• WORK REQUIRED
Could you give the data that follows again exactly, without its pictures?

================

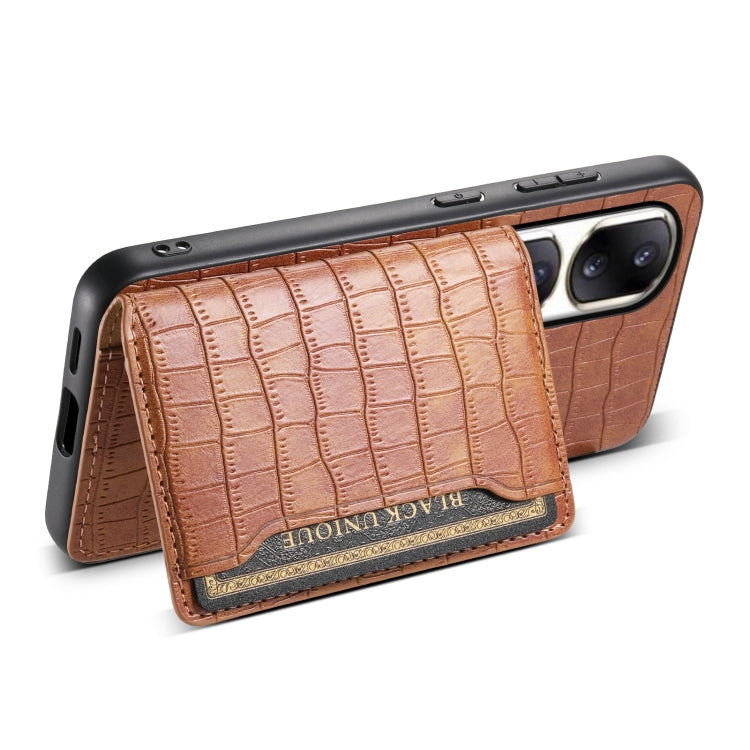 For Honor 90 Pro Crocodile Texture Card Bag Design Full Coverage Phone Case(Brown)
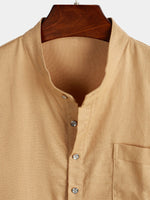 Men's Linen And Cotton Stand Collar Solid Color Shirt
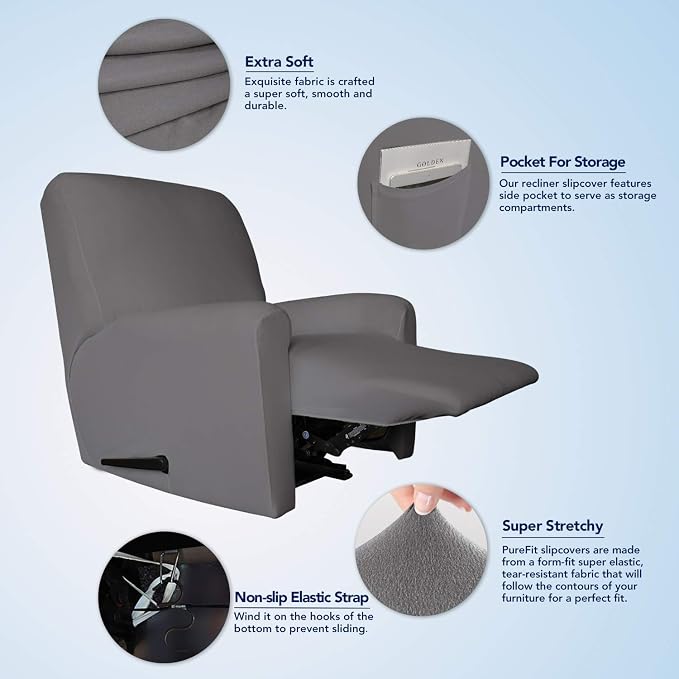 PureFit Stretc Recliner Chair Covers Fleece Soft Couch Covers - Image 3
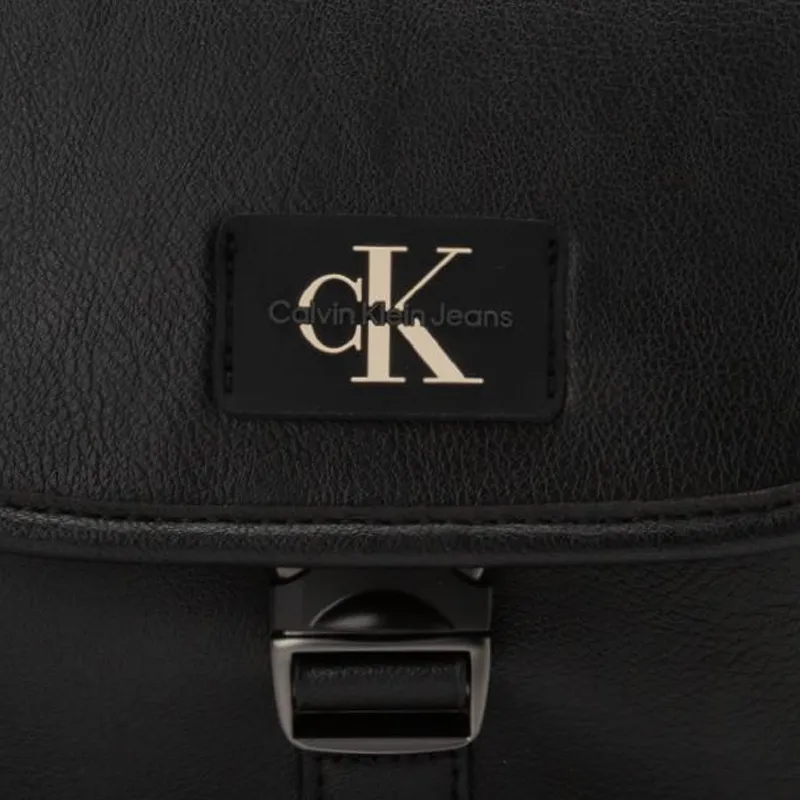 CALVIN KLEIN Recycled Polyester Saddle Bag, Shoulder Bag, Crossbody Bag Men's Black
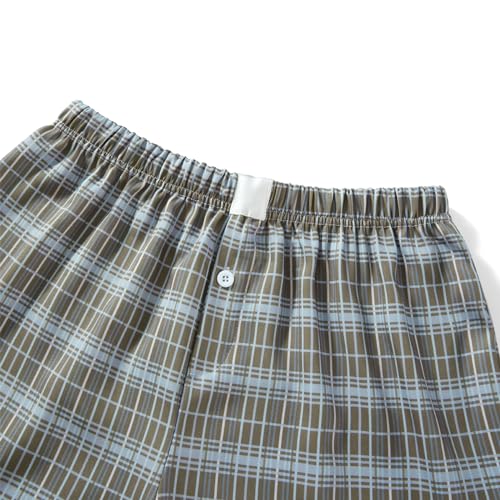 Image of Womens Boxer Shorts Gingham Y2k Pajama Cute Plaid Striped Print Lounge Sleep Shorts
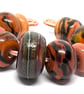 Artisan Lampwork Glass Bead set – Wild Safari brown leopard print Handmade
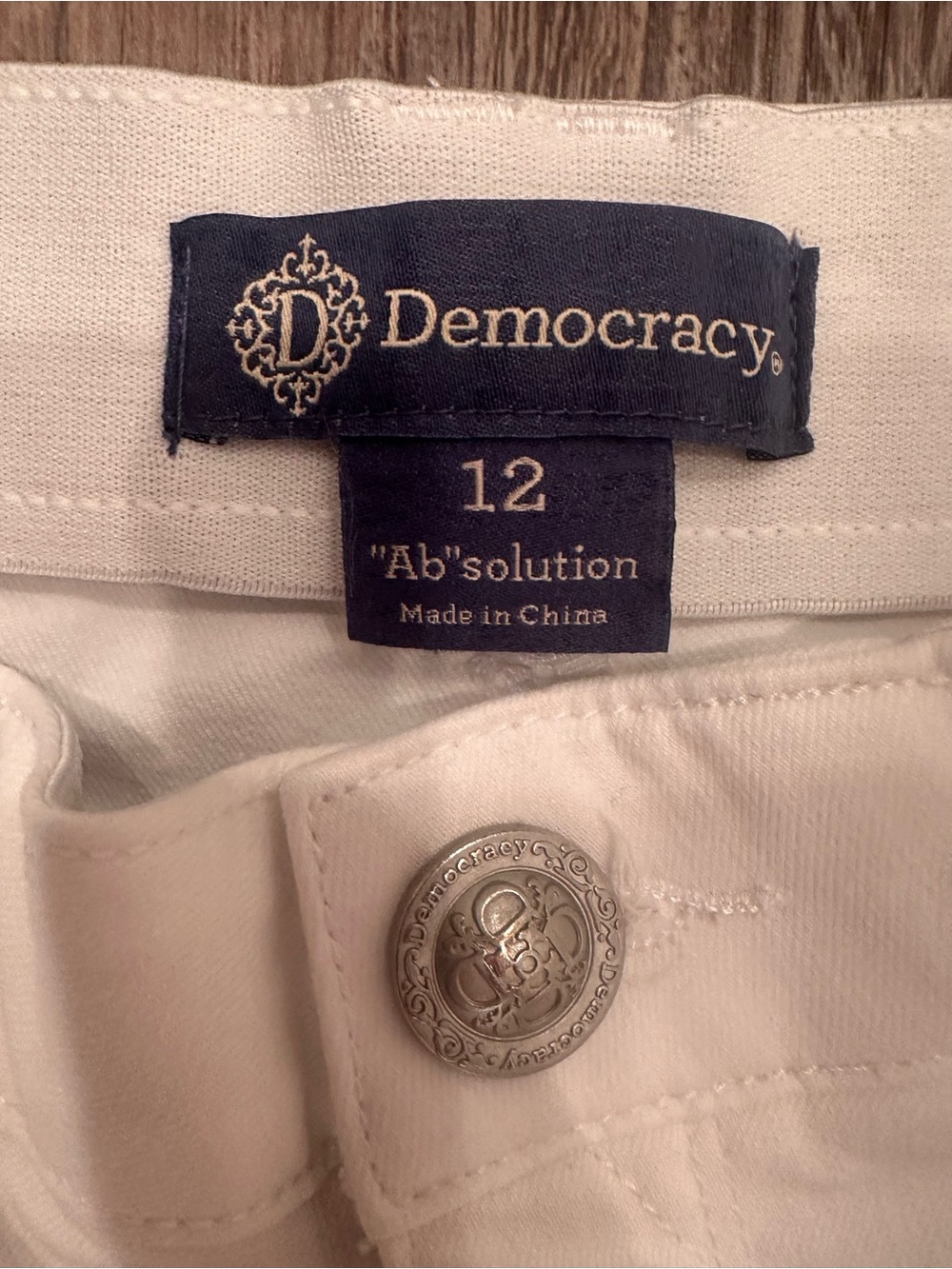 Democracy Ab Technology Straight Leg Jeans White Neutral Versatile Sz 12 - Picture 7 of 10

================

• OUTPUT FOR THIS TASK
 For Honor 90 Pro Crocodile Texture Card Bag Design Full Coverage Phone Case(Brown)
 Men's Linen And Cotton Stand Collar Solid Color Shirt
 PureFit Stretc Recliner Chair Covers Fleece Soft Couch Covers - Image 3
 CALVIN KLEIN Recycled Polyester Saddle Bag, Shoulder Bag, Crossbody Bag Men's Black
 Image of Womens Boxer Shorts Gingham Y2k Pajama Cute Plaid Striped Print Lounge Sleep Shorts
 Artisan Lampwork Glass Bead set – Wild Safari brown leopard print Handmade
 Democracy Ab Technology Straight Leg Jeans White Neutral Versatile Sz 12 - Picture 7 of 10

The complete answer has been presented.